Bir diğer yaklaşım bizde %18.45 oranında uygulandığı gibi ameliyat sonunda perioküler antibiyotik enjeksiyonudur. Subkonjonktival uygulamada da ön kamaraya antibiyotik geçişi tıpkı damlalarda olduğu gibi diffüzyon yolu ile olmaktadır ve bununla sağlanan geçiş damla ile sağlanandan daha yüksektir. Ama ne kadar yüksektir?? Jenkins’in çalışması bu soruya bir miktar cevap vermektedir.

Aşağıdaki tablo bu çalışmada elde edilen değerleri özetlemektedir.

End 9

Görüldüğü gibi subkonjonktival uygulamaya göre intrakameral yolla elde edilen değer 1000 katı daha fazladır. Bu noktada subkonjonktival uygulamaların zaman zaman çok can sıkan subkonjonktival kanamalara yol açtığını hatırlamamızda da sanırım yarar olacaktır.

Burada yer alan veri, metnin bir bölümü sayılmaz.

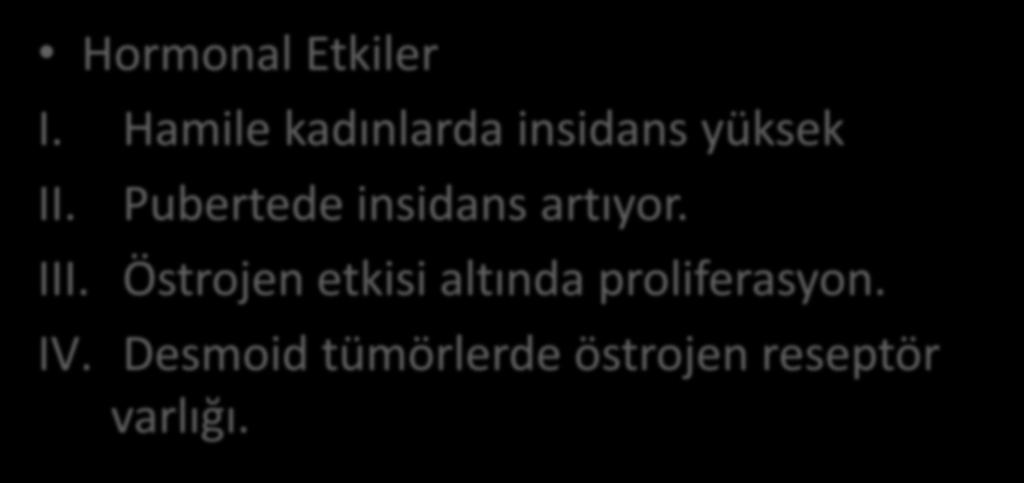 Patofizyoloji V Hormonal Etkiler I. Hamile kadınlarda insidans yüksek II.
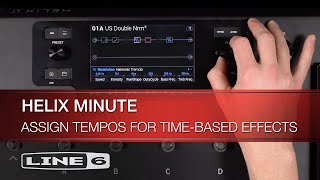 Line 6| Helix Minute: Assign Tempos for Time-Based Effects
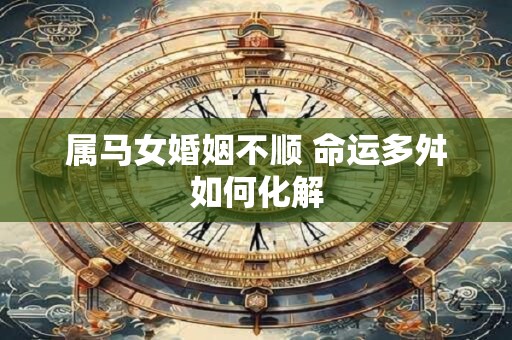 属马女婚姻不顺 命运多舛如何化解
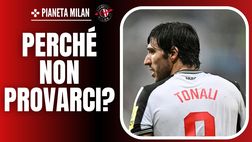 Milan, il mercato si fa adesso. Ma Tonali? Perché non riprenderlo?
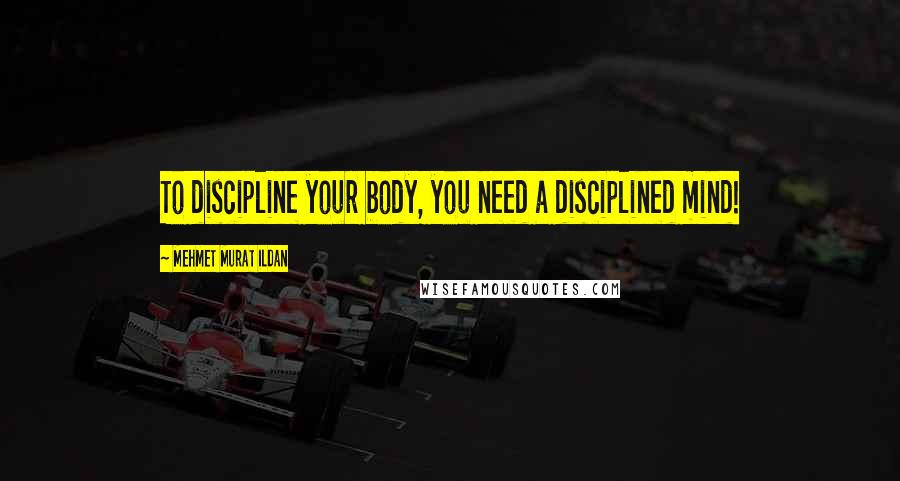 Mehmet Murat Ildan Quotes: To discipline your body, you need a disciplined mind!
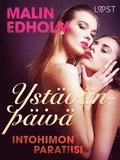Yst�v�np�iv�: Intohimon paratiisi - eroottinen novelli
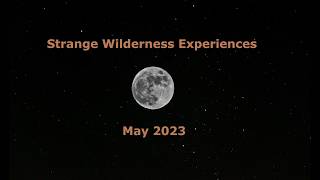 Strange Wilderness Experiences - May 2023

Bir diğer yaklaşım, infüzyon şişesine antibiyotik koymadır ki, bizde yabancı cerrahlara göre çok daha az uygulanmaktadır. Bu oran bizde %2.70 iken, ASCRS cerrahları için 2014’de %8 (2007’de %15 imiş), ESCRS cerrahları için 2013 anketinde %20 (2009’da %23) ’dir. Bu konuda da ülkemiz cerrahlarının büyük oranda doğru tercihde bulunduklarını görüyoruz. İrrigasyon şişesine antibiyotik ilavesi ile sağlanan  ön kamara konsantrasyonlarının sadece 8-20 mcg/ml. olduğu, irrigasyon sırasında bakteri antimikrobial ajan karşılaşmasının yani kontakt zamanının tam olmadığı, hızlı yıkanma ile çok hızlı dilusyon sağlandığı yönünde bilgiler vardır. Ülkemizden Sn. Sobacı’nın irrigasyon sıvısı içine konan antibiyotiklerle (Vankomisin ve Gentamisin) yaptığı 2003 tarihinde yayınlanan çalışmada da endoftalmi gelişimi açısından konmayan olgularla istatistiki fark göstermediği rapor edilmiştir. Anketlerde genellikle irrigasyon sıvılarına katılan antibiyotiklerin vankomisin ve gentamisin olduğu görülmektedir. Bu noktada aminoglikozid grubu antibiyotiklerin makuler infarkt risklerinden bahs etmek gerekir. Son olarak; Amerikan Oftalmoloji Akademisi (AAO-CDC 1999) ile Hastalıkları Kontrol Merkezi (1995) gibi bazı kuruluşların da irrigasyon sıvılarına antibiyotik konulmasını tavsiye etmedikleri bilinmektedir.

Ocak 2015 anketimizi hepsi bir arada yorumladığımızda ülkemizde endoftalmi profilaksisi anlamında çok doğru bir noktada ilerlediğimizi mutlulukla tespit edebiliriz. Görülen tek sorun kanımca perioküler enjeksiyon oranının yüksek oluşudur. Konuya biraz daha bilinçli baktığımızda bu oranında azalarak kaybolacağını düşünüyorum.

 

Not: Yazıda, Ocak 2015 tarihli TOD Katarakt ve Refraksiyon Cerrahisi Birimi anket sonuçlarından ve 2013 tarihli Peter Barry, Luis Cordovés, Susanne Gardner tarafından hazırlanan, Dr. Süleyman Kaynak ve Dr. Rukiye Aydın tarafından Türkçeye aktarılan “ESCRS Guidelines for Prevention and Treatment of Endophthalmitis Following Cataract Surgery: Data, Dilemmas and Conclusions” isimli kaynaktaki verilerden yararlanılmıştır.